The Hart Building is home to half of the 100 senators. It was closed in mid-October after a letter addressed to Senate majority leader Tom Daschle was found to contain highly toxic anthrax spores in powder form.
During the scare, five people died and several others were treated for anthrax poisoning. Coming just after the 11 September suicide attacks, American officials originally suspected a foreign source, but investigators now believe the anthrax attacks had a domestic origin. US scientists say they have found tiny differences among the anthrax samples that may help investigators to trace the source. Lost specimens Scientists at the Institute for Genomic Research in Rockville, Maryland, say they have pinpointed a few subtle genetic variations between two anthrax samples they are comparing: anthrax used in the Florida attack and anthrax held by a UK biological weapons laboratory that originally received its sample from the US Army lab at Fort Detrick, Maryland.
Earlier, an inquiry into allegations of lax security at the Maryland research centre found evidence that more than two dozen potentially dangerous samples had been missing. The lost specimens included the microbe that causes anthrax and the ebola virus.

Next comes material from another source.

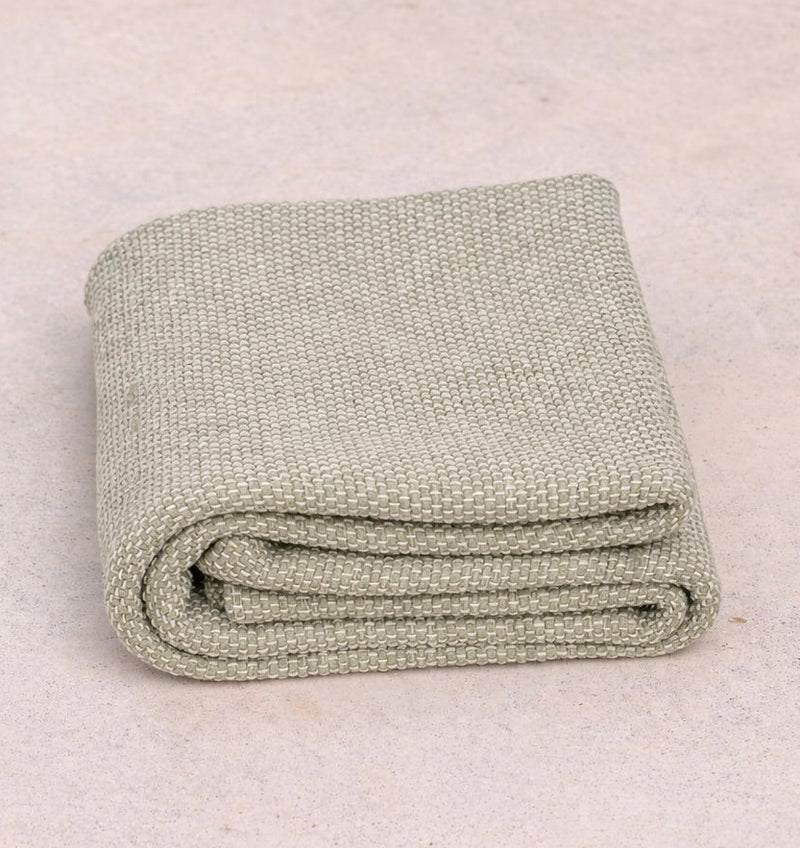 Close-up of Rituil eco friendly yoga rug. #color_bone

Investigators said that unauthorised anthrax research was taking place at weekends and evenings in February 1992. The discoveries, which have only now come to light, were made by army investigators 10 years ago. Analysts say these revelations add weight to an increasingly popular theory - that last year's attacks were carried out by a current or former scientist at the Maryland centre. No progress The Federal Bureau of Investigations has made little progress in tracing the source of the anthrax-tainted letters and is set to offer a new $2.5m reward - double the existing reward. More than 5,000 environmental samples were taken during the clean-up of the Hart Building, which involved fumigation with a powerful gas, hi-tech vacuums, foam and liquid cleansers. Twenty-eight congressional employees were exposed to the bacteria in the letter postmarked Trenton, New Jersey, but officials say none of them contracted the disease. "I feel completely safe," Senator Daschle said on Tuesday, returning to the building. "It's good to be back."